- [EXERCISE INSTRUCTIONS] Look in the listing below for the line that has "Silicone Neutro Premium Tubo", then return it and each following line up to and including the one with "Final Fantasy Trading", exactly and without pictures.

- [DATASET EXTRACT]

Segment Open

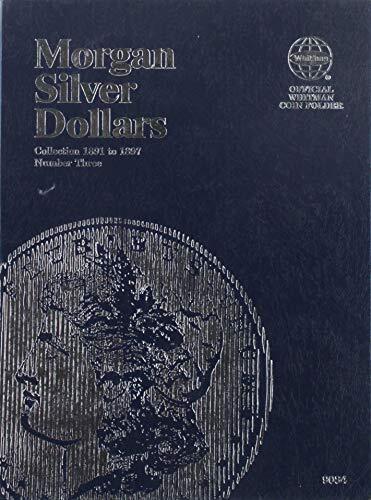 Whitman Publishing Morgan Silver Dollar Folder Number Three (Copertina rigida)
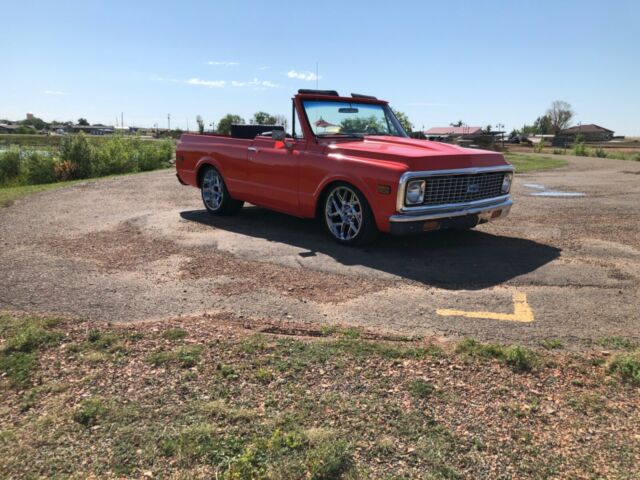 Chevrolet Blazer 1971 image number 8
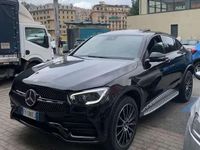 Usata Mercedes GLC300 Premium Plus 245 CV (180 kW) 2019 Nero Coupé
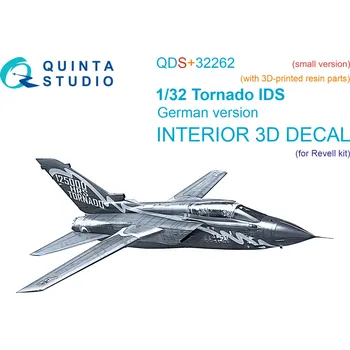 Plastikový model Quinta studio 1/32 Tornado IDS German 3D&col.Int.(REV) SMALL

Segment Closed
Segment Open

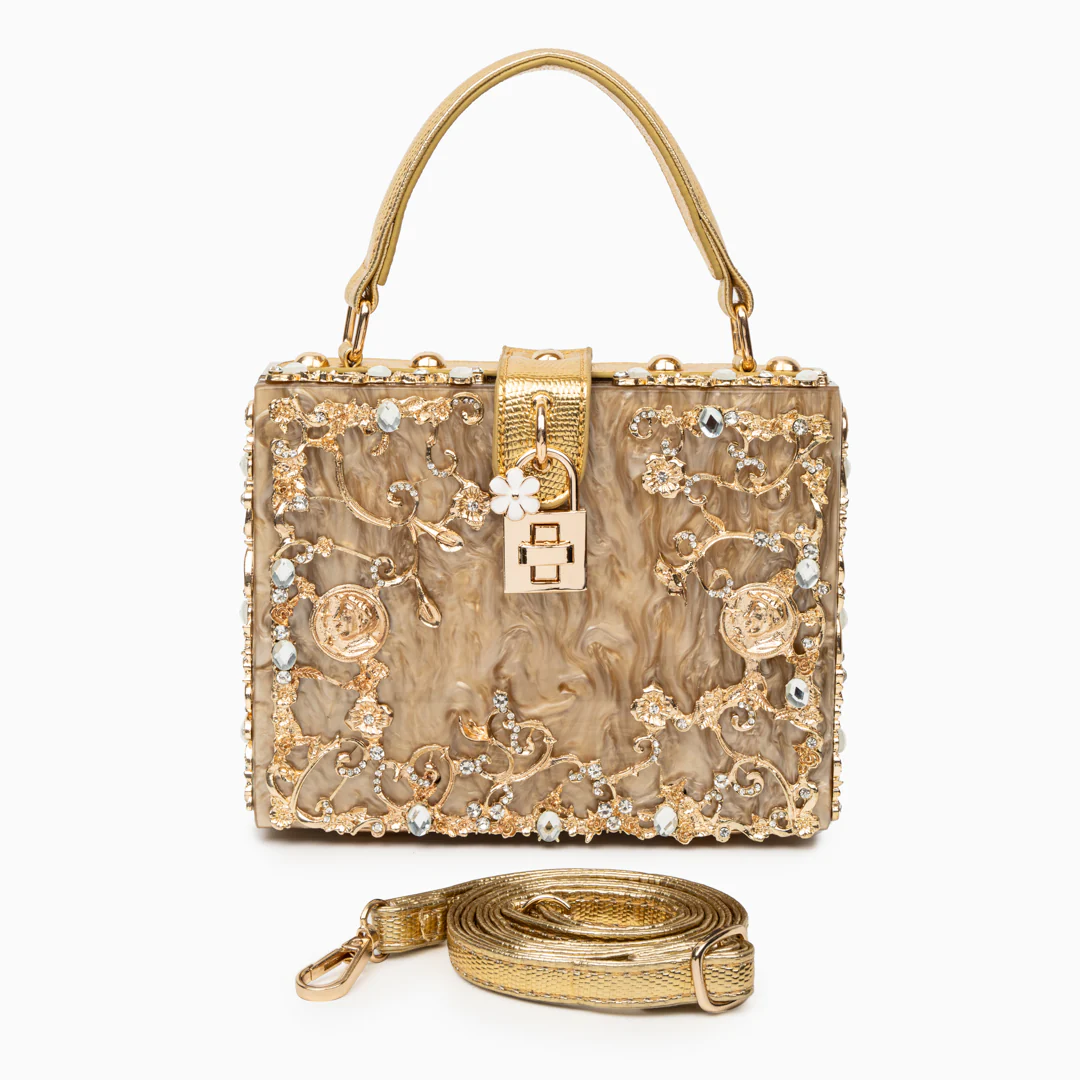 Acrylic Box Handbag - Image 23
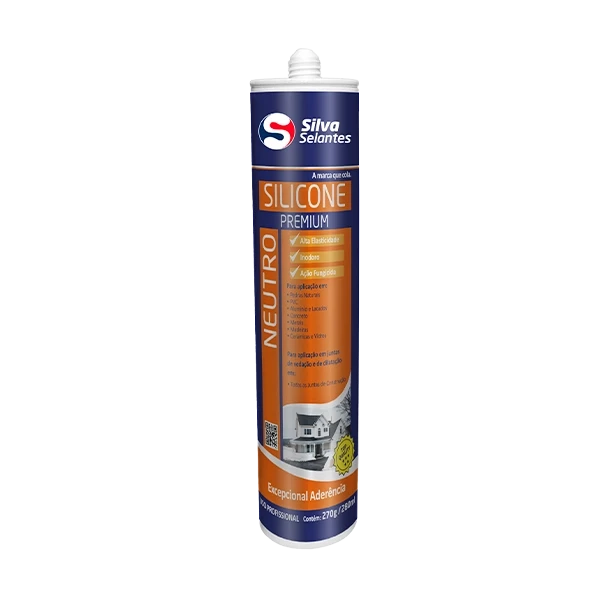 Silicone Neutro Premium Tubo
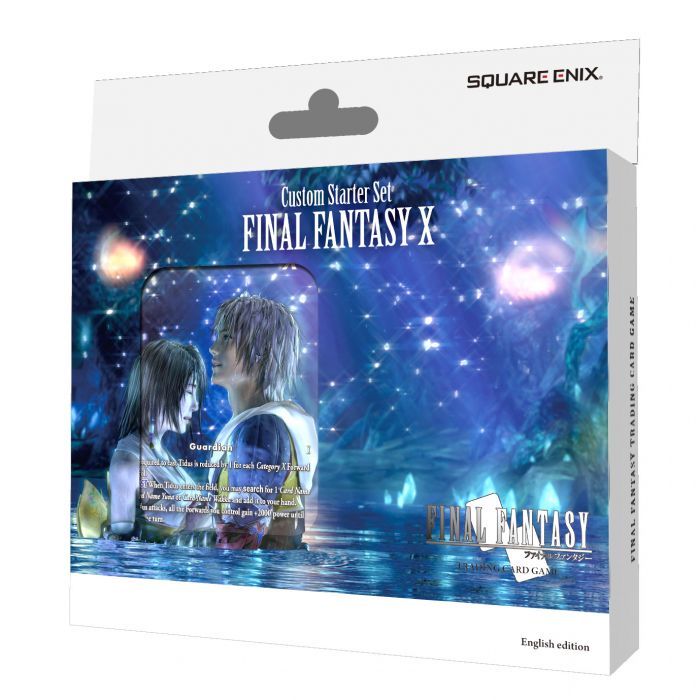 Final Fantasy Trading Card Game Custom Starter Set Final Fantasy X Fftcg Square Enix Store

Segment Closed

- [EXERCISE SOLUTION]
 Silicone Neutro Premium Tubo
 Final Fantasy Trading Card Game Custom Starter Set Final Fantasy X Fftcg Square Enix Store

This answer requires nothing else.